**WHAT TO PRODUCE**
Give back the lines below exactly, but do not include any pictures.

**DATASET CONTENT**
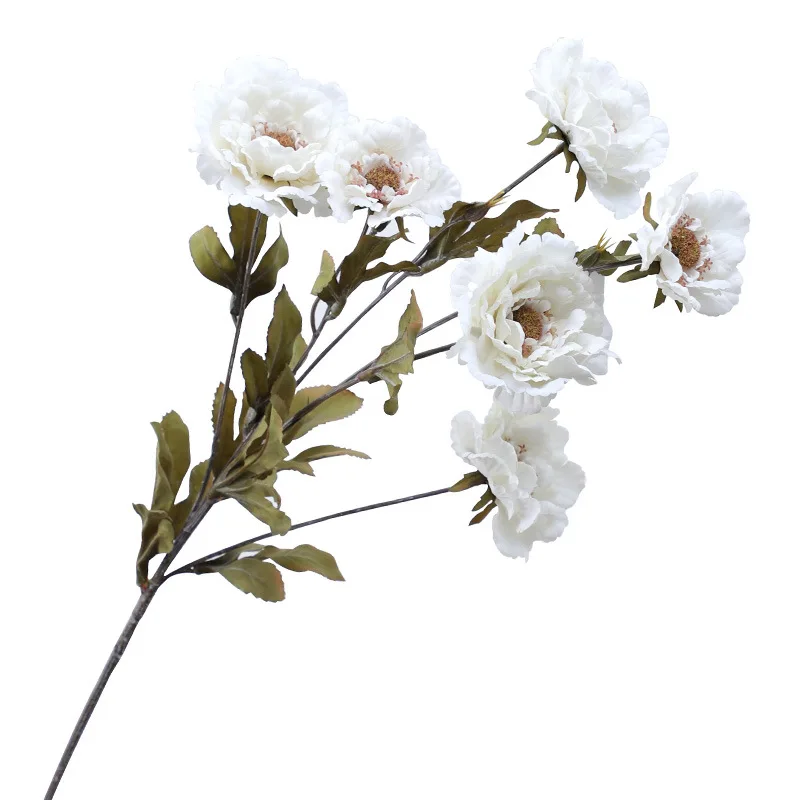 New products marriage decoration artificial flowers bulk wedding rose silk decor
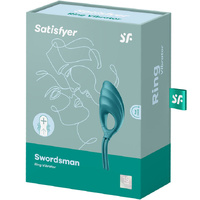 Swordsman Vibrating Cock Ring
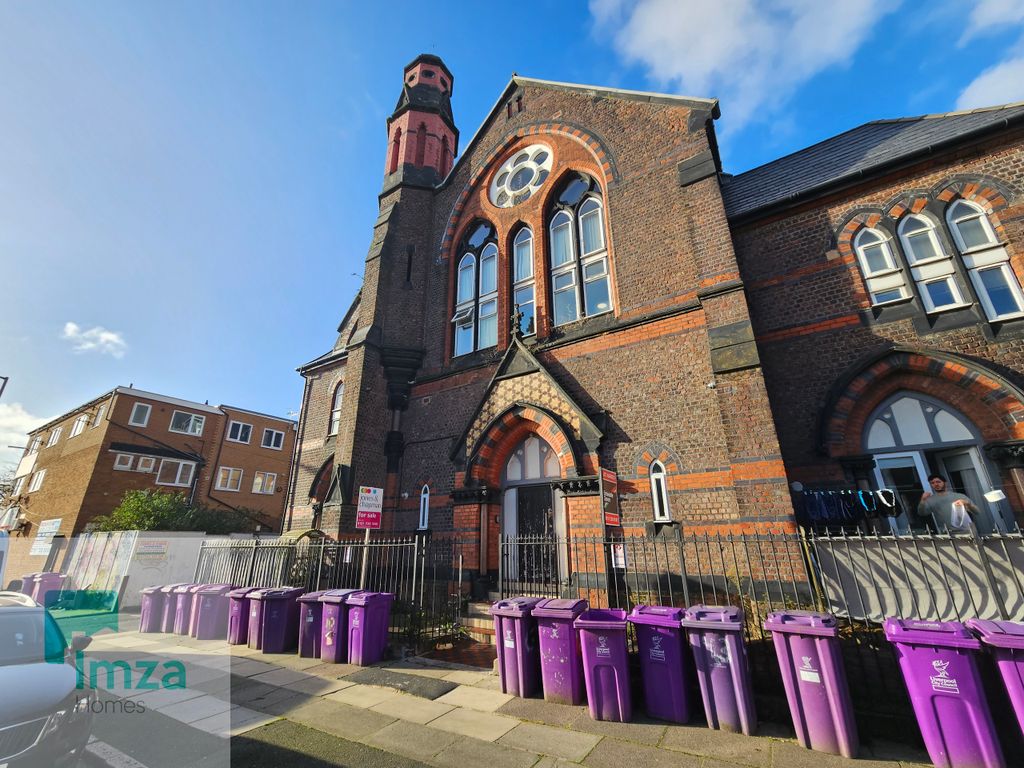 1 bed flat for sale in 5 High Park Street, Liverpool, Merseyside L8, £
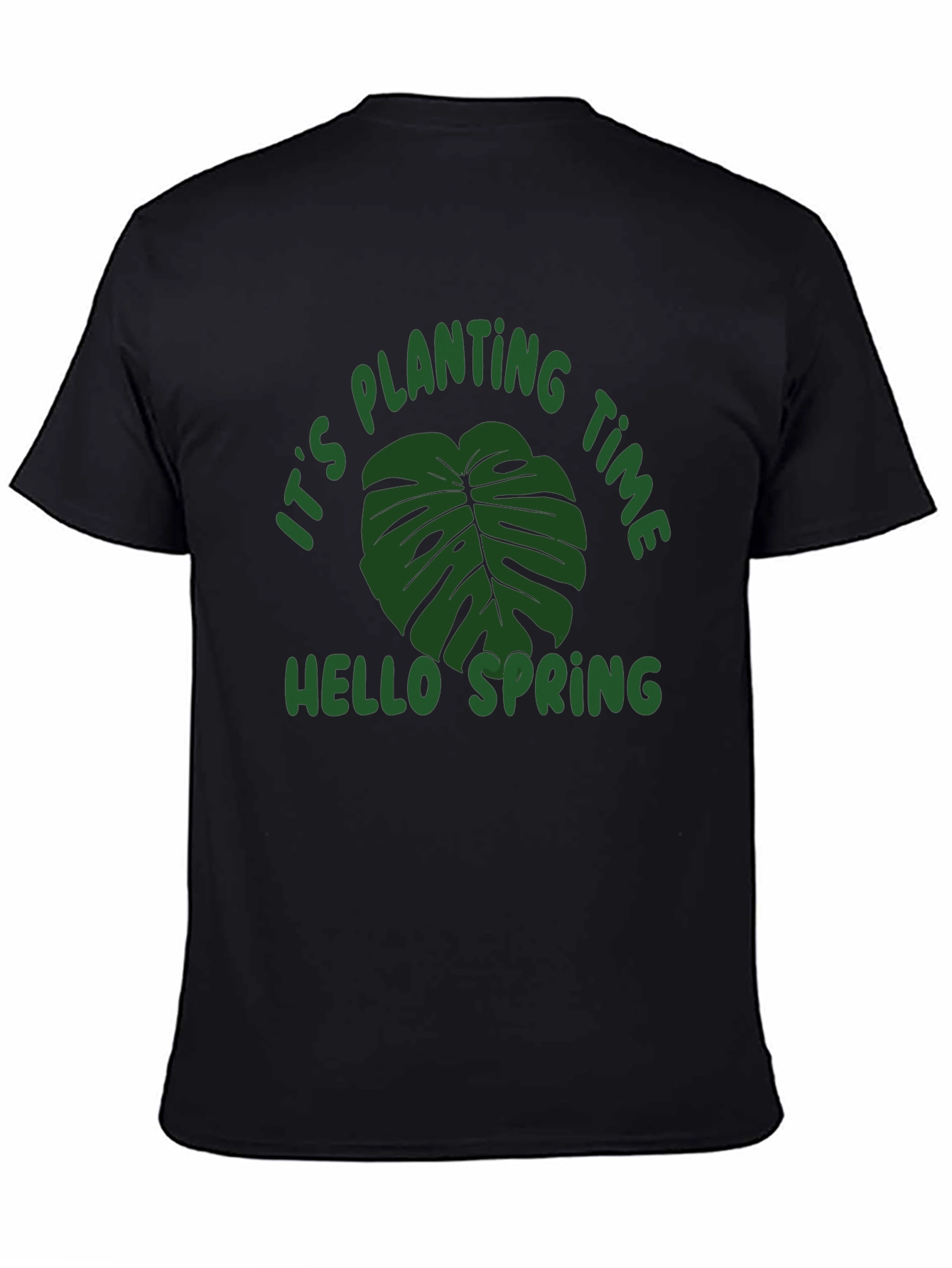 Planting Time Hello Spring Graphic Tee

**EXPECTED OUTPUT**
 New products marriage decoration artificial flowers bulk wedding rose silk decor
 Swordsman Vibrating Cock Ring
 1 bed flat for sale in 5 High Park Street, Liverpool, Merseyside L8, £
 Planting Time Hello Spring Graphic Tee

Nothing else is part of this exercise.